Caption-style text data
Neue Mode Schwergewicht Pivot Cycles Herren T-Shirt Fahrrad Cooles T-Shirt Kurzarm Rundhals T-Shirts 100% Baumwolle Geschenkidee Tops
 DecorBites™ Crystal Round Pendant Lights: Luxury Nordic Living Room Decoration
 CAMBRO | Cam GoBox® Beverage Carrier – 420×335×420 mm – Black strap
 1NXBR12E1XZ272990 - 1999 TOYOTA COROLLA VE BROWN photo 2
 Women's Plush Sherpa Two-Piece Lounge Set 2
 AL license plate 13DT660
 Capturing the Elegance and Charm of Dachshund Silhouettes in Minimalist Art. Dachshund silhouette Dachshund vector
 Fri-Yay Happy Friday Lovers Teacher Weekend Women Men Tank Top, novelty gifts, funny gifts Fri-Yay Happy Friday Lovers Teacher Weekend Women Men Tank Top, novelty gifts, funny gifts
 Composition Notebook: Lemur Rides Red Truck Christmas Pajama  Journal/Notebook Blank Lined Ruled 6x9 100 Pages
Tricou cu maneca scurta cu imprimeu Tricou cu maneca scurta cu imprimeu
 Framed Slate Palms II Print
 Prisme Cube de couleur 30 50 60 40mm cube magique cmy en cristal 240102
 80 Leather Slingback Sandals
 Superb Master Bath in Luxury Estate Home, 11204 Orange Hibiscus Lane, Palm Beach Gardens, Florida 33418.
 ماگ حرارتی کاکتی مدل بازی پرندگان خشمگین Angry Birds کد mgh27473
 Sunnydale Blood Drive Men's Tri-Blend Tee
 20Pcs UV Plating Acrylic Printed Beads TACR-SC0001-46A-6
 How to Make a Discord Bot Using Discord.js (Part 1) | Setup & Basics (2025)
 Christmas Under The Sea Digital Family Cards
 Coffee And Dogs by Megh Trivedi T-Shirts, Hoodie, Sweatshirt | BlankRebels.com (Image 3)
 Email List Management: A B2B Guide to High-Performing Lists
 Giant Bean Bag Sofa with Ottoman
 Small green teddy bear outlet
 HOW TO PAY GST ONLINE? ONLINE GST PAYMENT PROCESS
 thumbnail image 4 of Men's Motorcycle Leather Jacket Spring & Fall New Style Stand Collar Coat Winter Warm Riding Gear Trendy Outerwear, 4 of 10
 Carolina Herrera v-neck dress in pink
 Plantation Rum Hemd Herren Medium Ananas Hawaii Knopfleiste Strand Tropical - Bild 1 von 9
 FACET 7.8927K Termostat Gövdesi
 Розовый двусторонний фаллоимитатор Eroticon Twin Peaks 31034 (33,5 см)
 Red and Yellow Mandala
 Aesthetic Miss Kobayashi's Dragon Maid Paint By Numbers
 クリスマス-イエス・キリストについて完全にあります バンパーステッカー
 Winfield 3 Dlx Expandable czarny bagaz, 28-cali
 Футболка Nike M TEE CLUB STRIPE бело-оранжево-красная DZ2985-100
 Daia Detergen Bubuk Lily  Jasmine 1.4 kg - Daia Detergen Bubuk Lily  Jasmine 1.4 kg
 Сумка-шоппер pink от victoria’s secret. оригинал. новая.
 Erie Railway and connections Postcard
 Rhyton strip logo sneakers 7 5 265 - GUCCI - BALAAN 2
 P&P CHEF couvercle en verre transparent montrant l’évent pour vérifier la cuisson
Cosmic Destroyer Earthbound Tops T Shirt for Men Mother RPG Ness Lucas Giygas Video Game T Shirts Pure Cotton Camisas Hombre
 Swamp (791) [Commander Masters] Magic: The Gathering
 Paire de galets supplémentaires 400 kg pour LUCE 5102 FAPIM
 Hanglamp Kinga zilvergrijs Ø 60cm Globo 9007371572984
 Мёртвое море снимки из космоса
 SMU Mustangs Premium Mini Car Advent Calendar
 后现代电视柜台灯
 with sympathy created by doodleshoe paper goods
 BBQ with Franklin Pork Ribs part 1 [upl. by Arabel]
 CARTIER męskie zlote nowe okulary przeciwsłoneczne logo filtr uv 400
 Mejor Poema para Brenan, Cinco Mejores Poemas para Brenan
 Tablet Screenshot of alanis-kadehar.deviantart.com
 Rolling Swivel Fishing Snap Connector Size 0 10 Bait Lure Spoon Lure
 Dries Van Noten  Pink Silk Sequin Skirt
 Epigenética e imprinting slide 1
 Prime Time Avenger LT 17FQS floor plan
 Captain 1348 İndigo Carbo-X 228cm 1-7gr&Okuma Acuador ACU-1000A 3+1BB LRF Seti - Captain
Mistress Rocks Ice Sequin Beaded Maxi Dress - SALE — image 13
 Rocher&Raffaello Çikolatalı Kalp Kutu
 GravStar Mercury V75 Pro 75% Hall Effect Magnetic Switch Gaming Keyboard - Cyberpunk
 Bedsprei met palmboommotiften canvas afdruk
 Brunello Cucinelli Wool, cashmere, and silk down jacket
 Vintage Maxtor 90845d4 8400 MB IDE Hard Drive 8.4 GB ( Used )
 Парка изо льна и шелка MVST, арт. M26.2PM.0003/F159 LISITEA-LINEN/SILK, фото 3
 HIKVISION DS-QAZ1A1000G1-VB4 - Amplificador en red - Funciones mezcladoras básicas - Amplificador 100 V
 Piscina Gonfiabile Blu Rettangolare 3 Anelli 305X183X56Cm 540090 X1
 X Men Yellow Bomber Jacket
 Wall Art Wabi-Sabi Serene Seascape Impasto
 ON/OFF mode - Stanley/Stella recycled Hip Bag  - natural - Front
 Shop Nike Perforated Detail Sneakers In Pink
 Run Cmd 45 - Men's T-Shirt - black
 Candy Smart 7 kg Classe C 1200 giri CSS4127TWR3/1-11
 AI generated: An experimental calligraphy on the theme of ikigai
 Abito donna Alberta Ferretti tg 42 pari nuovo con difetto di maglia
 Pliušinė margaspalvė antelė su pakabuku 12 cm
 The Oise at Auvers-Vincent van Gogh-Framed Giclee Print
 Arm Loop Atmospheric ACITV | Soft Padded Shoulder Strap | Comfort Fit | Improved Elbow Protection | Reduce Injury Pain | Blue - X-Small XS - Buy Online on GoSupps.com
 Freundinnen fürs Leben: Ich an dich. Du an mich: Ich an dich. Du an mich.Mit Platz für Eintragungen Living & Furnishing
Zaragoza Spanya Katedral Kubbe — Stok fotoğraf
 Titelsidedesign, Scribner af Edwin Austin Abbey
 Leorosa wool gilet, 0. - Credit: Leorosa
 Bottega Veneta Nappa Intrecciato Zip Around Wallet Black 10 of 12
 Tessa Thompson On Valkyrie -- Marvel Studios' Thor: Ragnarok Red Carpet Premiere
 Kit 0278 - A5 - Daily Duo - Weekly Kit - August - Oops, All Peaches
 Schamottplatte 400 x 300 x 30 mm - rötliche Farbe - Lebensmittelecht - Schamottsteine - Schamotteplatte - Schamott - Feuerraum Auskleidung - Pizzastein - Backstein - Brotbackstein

ACTIVITY
Answer with a single number: the count of lines in the entries that hold the word "Living".

SOLUTION TO THIS EXERCISE
2